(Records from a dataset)
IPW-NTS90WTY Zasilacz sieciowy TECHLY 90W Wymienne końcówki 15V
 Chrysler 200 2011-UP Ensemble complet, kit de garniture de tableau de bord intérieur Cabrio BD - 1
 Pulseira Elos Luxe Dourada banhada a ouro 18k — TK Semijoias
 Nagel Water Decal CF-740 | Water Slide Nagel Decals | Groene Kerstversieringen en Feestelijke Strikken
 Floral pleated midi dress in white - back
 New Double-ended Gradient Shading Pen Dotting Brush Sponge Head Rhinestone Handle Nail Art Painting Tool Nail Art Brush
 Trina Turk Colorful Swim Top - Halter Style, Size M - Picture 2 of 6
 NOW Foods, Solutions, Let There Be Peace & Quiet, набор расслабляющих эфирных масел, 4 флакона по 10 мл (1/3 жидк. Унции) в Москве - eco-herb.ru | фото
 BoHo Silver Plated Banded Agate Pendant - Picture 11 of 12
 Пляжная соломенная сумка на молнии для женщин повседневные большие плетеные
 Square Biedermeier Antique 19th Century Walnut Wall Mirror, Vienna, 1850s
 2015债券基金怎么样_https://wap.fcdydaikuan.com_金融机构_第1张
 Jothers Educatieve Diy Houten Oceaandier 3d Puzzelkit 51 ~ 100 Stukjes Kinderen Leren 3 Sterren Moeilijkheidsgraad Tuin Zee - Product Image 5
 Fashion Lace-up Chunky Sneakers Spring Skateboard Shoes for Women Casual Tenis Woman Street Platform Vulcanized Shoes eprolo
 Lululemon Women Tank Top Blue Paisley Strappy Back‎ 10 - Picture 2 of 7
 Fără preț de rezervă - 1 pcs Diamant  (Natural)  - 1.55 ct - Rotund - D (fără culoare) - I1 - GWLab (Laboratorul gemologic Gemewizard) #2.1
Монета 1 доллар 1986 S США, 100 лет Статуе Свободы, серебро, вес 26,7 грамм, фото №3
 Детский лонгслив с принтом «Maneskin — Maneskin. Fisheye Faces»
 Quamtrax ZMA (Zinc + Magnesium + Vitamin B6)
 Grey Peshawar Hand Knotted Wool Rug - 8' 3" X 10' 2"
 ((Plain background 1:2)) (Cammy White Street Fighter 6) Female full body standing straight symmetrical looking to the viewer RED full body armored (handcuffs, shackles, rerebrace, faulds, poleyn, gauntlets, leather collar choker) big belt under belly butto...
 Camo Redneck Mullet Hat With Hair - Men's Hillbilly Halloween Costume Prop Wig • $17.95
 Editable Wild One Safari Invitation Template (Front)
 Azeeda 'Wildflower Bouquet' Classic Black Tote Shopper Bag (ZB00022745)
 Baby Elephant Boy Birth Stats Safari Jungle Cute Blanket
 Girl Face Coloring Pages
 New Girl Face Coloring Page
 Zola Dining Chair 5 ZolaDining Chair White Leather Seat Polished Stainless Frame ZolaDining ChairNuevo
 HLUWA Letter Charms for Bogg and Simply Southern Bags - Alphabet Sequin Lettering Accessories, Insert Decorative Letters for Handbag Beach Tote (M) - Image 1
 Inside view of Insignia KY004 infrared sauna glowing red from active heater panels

**PROBLEM DETAILS:** Some lines above may contain the string "фото". State how many of them the records have, and nothing more.

**RESPONSE:** 2